2022年10月27日木曜日

カルバチネ

Carbatinae
父親が、イタリア製の靴は世界一だ、と言っていたことを覚えています。デザイン性の高さのことだと理解していました。ところが、初めてローマを訪れた時、デザインの問題だけではないことが、よく理解できました。ローマは、石畳の町です。なかには古代ローマにまでさかのぼれるような古い石畳もあります。柔な靴では、あんな道を歩けませんし、すぐに壊れてしまいます。デザイン性だけではなく、かなりしっかりした作りの丈夫な靴でなければ、ローマでは暮らせません。従って、ローマの人たちの靴を見る目も厳しくなり、結果、世界一の靴が生まれたのでしょう。

人類が、いつ靴を履き始めたかは、太古の昔からとしか言いようがないと思います。7000年前のヨモギの樹皮で作られた靴がアメリカで発見され、一応、これが最古とされています。ただ、残っていないだけで、数万年前から履いていたのでしょう。3000~4000年前頃からは、皮の靴が履かれていたようです。ただ、古代ギリシャの人々は、あまり靴を履くのが好きではなかったようです。どうも、靴を履くことは軟弱だと思っていたようです。かのアレキサンダー大王も裸足で、裸足の兵を率いて大遠征を行ったわけです。あらゆる点においてギリシャを手本とした古代ローマですが、靴だけは履いていたようです。土地や気候、あるいは戦った地域の広さの違いなのかも知れません。

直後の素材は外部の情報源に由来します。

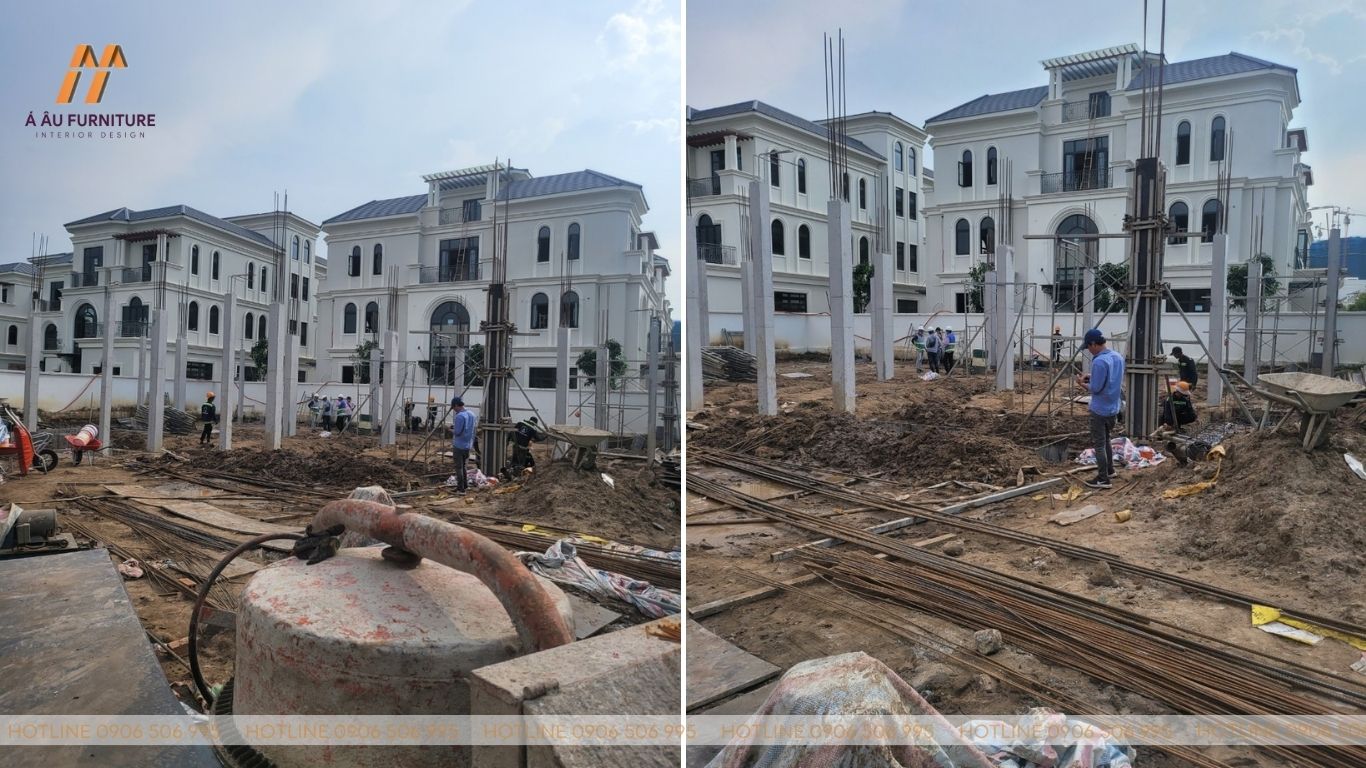 Thi công Biệt thự liền kề Vinhomes Grand Park – Quận 9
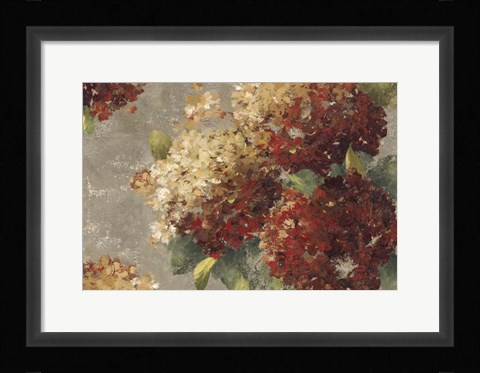 Framed Vintage Hydrangea Print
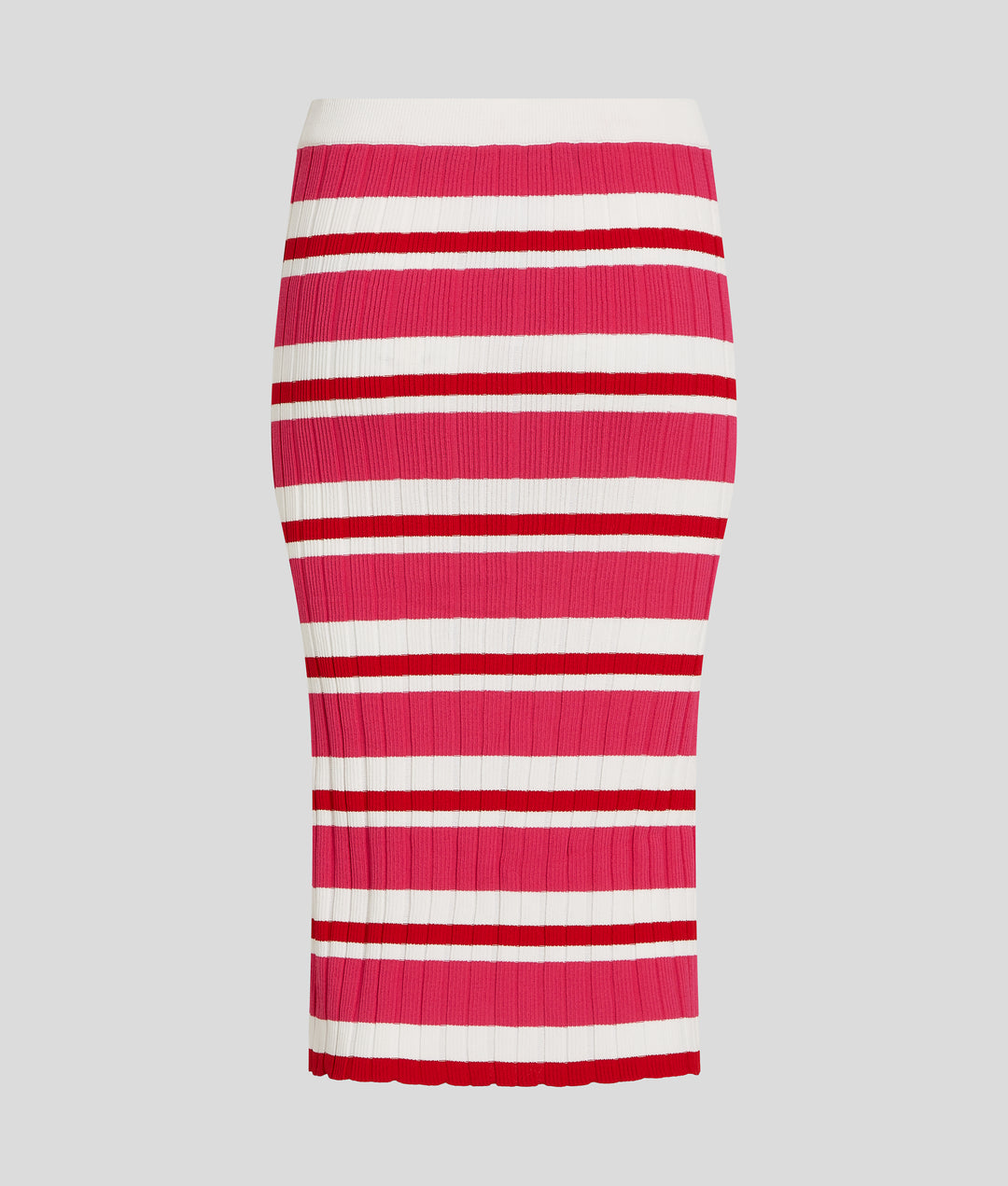 MULTI STRIPES RIB KNIT SKIRT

古代ローマの兵士の靴は、数多く出土しています。”カリゲ”と呼ばれるサンダル状のブーツのようなものです。厚い皮底に鋲を打ち付け、多数の皮紐で足首までを固定しています。寒冷地では、ソックスを併用していたようです。2世紀頃には、一般人も使用していた足全体を皮で覆う”カルバチネ”という靴に変わります。その後、古代ローマでは、サンダルからブーツまで、実に多様な靴が作られていったようです。支配地域が広大であり、様々な気候や風土に対応する必要があったのでしょう。また、社会の成熟とともに、靴は身分を示すものとして使われていたようです。イタリアの人々は、2000年に渡り、靴を作り続けてきたわけです。そりゃ、世界一の靴ができるわけです。

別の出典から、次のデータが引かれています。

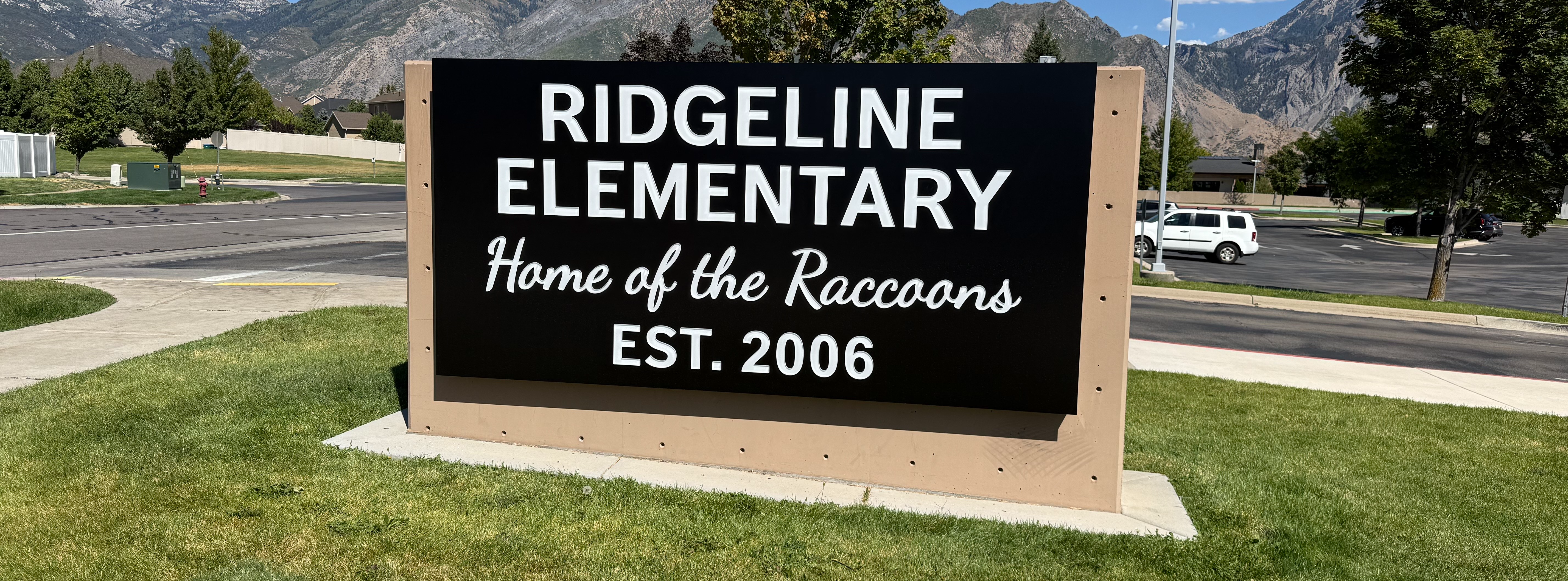 New School Sign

ただ、イタリアの靴造りは、その長い歴史が仇になり、機械化や工場生産といった近代化が遅れます。職人の多かったイタリアは、産業化が進んだイギリスやアメリカにお株を奪われる格好となったわけです。第二次世界大戦後、イタリアの製靴産業も、ようよう近代化が進むことになります。すると、スチール芯の入ったセクシーなピン・ハイヒール、マッケイ製法による軽やかでおしゃれな紳士靴など、技術力に裏打ちされたデザイン性の高さで、世界を魅了することになります。レディースではサルヴァトーレ・フェラガモ、プラダ、ヴァレンティノ等、メンズではサントーニ、マリーニ、ア・テストーニ等、イタリアの靴業界は、高級ブランドがひしめいています。

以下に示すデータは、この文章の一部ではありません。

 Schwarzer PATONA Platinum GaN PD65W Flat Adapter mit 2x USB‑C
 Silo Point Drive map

紳士靴に関して言えば、イギリス製とイタリア製は、好対照と言えます。どっしりとして格調の高さを感じさせるイギリス製に対して、軽やかで洒落のめした印象のイタリア製ということになります。その外見の違いは、主に製法の違いによります。イギリスのグッドイヤーウェルト製法は、アッパーと中底とウェルトを一体的に縫い付け、それをアウトソールに縫い付ける製法です。ウェルトとは、アッパーとアウトソールを接合するための縁取りです。従って、上から見ると、靴底が張り出しているような感じになります。イタリアのマッケイ製法は、アッパーと中底を直接アウトソールに縫い付けます。軽やかで、皮で足を包み込むような印象になります。雨の多いイギリスと乾燥したイタリアという気候が生んだ違いなのでしょう。マッケイ製法は、どことなく、一枚皮から加工した古代のカルバチネの伝統が活きているように思います。(写真出典:der-roemer-shop.de)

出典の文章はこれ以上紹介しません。